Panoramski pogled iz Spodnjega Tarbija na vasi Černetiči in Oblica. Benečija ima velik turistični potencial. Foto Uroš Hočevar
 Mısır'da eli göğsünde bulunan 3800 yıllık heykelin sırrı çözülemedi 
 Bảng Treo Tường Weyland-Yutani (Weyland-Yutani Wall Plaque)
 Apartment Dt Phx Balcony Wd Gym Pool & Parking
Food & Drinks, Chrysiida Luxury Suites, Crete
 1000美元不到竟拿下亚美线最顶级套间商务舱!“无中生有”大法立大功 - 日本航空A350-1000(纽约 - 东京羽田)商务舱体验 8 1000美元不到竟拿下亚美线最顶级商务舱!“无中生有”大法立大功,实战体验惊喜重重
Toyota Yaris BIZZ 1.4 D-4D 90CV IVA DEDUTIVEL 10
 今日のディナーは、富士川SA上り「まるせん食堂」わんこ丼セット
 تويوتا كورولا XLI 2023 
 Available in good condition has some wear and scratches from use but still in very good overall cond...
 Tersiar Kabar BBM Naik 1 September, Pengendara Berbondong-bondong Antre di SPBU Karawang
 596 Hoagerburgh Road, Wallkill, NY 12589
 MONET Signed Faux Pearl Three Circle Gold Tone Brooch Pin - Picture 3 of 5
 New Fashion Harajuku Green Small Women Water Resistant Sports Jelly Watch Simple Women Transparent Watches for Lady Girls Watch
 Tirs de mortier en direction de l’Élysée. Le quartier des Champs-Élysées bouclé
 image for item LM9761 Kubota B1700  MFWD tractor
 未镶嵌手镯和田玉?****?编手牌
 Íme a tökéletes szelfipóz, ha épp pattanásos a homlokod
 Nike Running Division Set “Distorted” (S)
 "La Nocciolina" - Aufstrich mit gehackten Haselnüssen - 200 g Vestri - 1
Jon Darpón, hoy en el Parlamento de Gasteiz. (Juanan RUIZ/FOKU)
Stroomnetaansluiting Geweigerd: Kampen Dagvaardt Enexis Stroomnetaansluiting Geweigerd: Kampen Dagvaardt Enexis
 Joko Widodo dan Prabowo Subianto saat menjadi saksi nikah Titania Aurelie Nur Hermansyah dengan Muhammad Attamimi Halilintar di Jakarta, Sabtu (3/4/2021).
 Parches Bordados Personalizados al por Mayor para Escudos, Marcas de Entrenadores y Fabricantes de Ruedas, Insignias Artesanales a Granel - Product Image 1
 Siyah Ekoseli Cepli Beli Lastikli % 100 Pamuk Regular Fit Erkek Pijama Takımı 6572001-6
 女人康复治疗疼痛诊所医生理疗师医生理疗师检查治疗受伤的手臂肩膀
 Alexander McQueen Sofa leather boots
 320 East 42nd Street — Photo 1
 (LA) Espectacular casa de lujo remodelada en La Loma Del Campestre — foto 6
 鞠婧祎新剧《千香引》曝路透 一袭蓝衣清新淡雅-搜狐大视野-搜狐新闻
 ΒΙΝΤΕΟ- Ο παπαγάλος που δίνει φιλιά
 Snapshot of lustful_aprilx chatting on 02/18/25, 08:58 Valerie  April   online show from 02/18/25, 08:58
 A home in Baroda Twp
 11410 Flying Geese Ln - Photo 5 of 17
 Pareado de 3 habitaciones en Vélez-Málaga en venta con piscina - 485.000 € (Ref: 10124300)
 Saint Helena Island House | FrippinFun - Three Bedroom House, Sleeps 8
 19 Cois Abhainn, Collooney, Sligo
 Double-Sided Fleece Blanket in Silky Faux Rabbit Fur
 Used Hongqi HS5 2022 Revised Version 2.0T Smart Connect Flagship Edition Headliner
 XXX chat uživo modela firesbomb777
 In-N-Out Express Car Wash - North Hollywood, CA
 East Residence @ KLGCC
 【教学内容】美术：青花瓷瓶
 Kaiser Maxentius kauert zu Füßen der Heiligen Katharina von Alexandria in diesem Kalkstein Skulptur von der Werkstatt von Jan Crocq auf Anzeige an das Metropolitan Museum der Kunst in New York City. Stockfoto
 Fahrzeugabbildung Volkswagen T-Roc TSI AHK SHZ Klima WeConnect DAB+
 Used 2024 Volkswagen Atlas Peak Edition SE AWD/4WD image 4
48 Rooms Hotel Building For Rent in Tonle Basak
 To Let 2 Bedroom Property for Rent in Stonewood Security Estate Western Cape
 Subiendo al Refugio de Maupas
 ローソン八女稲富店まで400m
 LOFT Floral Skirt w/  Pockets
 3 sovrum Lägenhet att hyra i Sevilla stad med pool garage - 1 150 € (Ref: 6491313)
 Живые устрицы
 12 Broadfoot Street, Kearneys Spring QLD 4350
#####
Write out, unaltered, the lines from the opening of the listing through the line that includes "تويوتا كورولا XLI 2023".

RESPONSE.
Panoramski pogled iz Spodnjega Tarbija na vasi Černetiči in Oblica. Benečija ima velik turistični potencial. Foto Uroš Hočevar
 Mısır'da eli göğsünde bulunan 3800 yıllık heykelin sırrı çözülemedi 
 Bảng Treo Tường Weyland-Yutani (Weyland-Yutani Wall Plaque)
 Apartment Dt Phx Balcony Wd Gym Pool & Parking
Food & Drinks, Chrysiida Luxury Suites, Crete
 1000美元不到竟拿下亚美线最顶级套间商务舱!“无中生有”大法立大功 - 日本航空A350-1000(纽约 - 东京羽田)商务舱体验 8 1000美元不到竟拿下亚美线最顶级商务舱!“无中生有”大法立大功,实战体验惊喜重重
Toyota Yaris BIZZ 1.4 D-4D 90CV IVA DEDUTIVEL 10
 今日のディナーは、富士川SA上り「まるせん食堂」わんこ丼セット
 تويوتا كورولا XLI 2023 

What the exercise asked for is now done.